The area of the world that seems to have a significant chance of a major uptick in EV sales in 2020 is Europe. This increase is possible because governments there are still giving sizable subsidies to buyers of such cars. If, in future years, these subsidies become too great a burden for European governments, EV sales are likely to lag there as well.

[6] Oceangoing ships are required to use fuels that cause less pollution as of January 2020. This change will have a positive environmental impact, but it will lead to additional costs which are impossible to pass on to buyers of shipping services. The net impact will be to push the world economy in the direction of recession.

If oceangoing ships use less polluting fuels, this will raise costs somewhere along the line. In the simplest cases, oceangoing vessels will purchase diesel fuel rather than lower, more polluting, grades of fuel. Refineries will need to charge more for the diesel fuel, if they are to cover the cost of removing sulfur and other pollutants.

The “catch” is that the buyers of finished goods and services cannot really afford more expensive finished goods. They cut back in their demand for automobiles, homes, cell phones and paved roads if oil prices rise. This reduction in demand is what pushes commodity prices, including oil prices, down.

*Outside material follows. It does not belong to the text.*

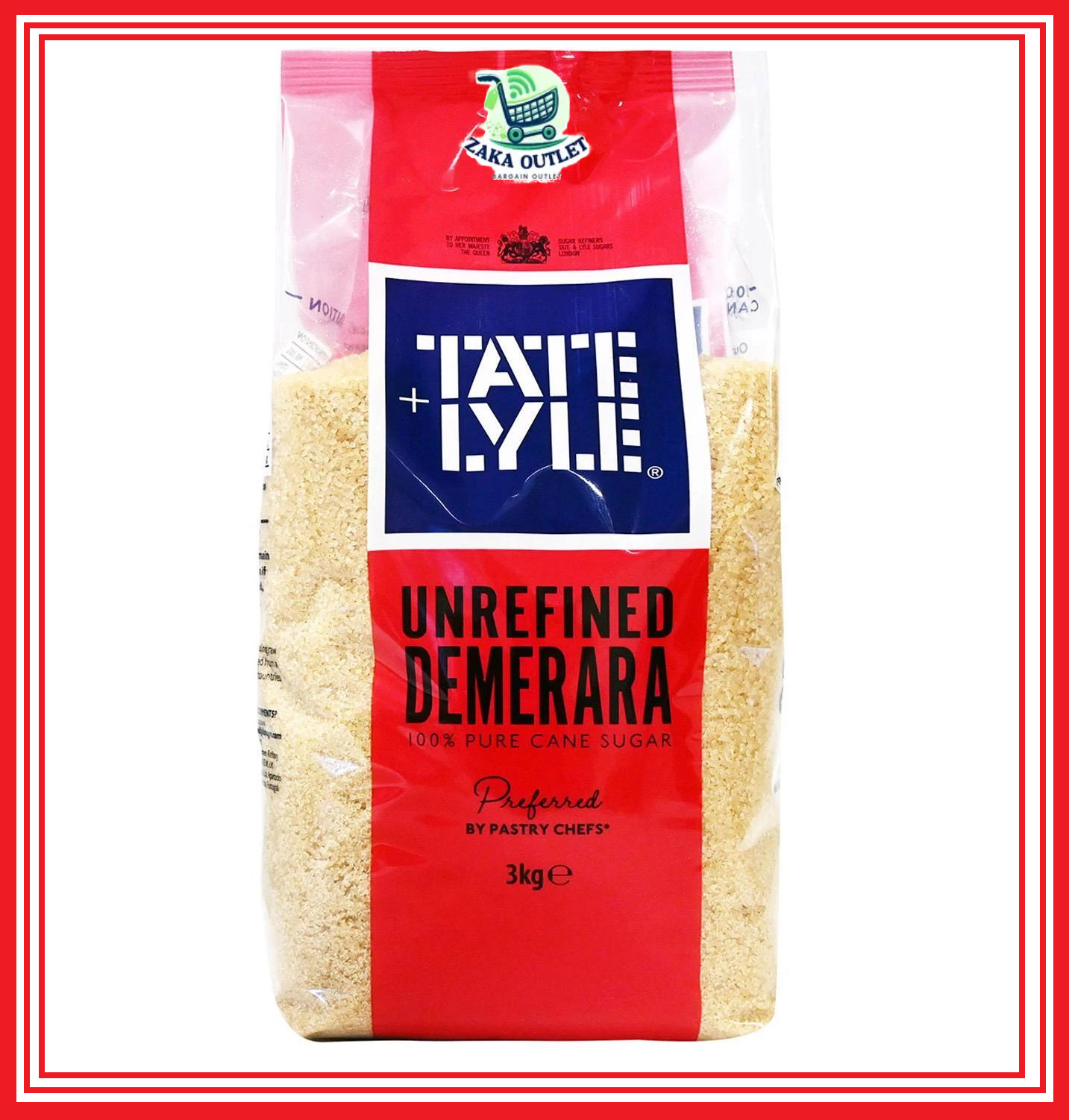 Tate & Lyle Medium Bodied Fruity Unrefined Cane Demerara Sugar Pack 3kg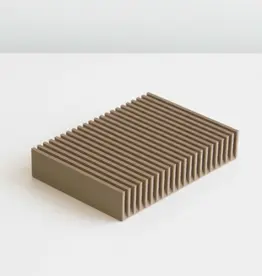 Mocha Douglas Rectangle Soap Tray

Evidence that ship owners cannot really pass the higher refining costs along comes from the fact that the prices that shippers are able to charge for shipping seems to be falling, rather than rising. One January article says, “The Baltic Exchange’s main sea freight index touched its lowest level in eight months on Friday, weighed down by weak demand across all segments. . .The Index posted its biggest one day percentage drop since January 2014, in the previous session.”

So higher costs for shippers have been greeted by lower prices for the cost of shipping. It will partly be ship owners who suffer from the lower sales margin. They will operate fewer ships and lay off workers. But part of the problem will be passed on to the rest of the economy, pushing it toward recession and lower oil prices.

[7] Expect increasingly warlike behavior by governments in 2020, for the primary purpose of increasing oil prices.

Oil producers around the world need higher prices than recently have been available. This is why the US seems to be tapering its growth in shale oil production. Middle Eastern countries need higher oil prices in order to be able to collect enough taxes on oil revenue to provide jobs and to subsidize food purchases for citizens.

With the US, as well as Middle Eastern countries, wanting higher oil prices, it is no wonder that warlike behavior takes place. If, somehow, a country can get control of more oil, that is simply an added benefit.

[8] The year 2020 is likely to bring transmission line concerns to the wind and solar industries. In some areas, this will lead to cutbacks in added wind and solar.

A recent industry news item was titled Renewables ‘hit a wall’ in saturated Upper Midwest grid. Most of the material that is published regarding the cost of wind and solar omits the cost of new transmission lines to support wind and solar. In some cases, additional transmission lines are not really required for the first additions of wind and solar generation; it is only when more wind and solar are added that it becomes a problem. The linked article talks about projects being withdrawn until new transmission lines can be added in an area that includes Minnesota, Iowa, parts of the Dakotas and western Wisconsin. Adding transmission lines may take several years.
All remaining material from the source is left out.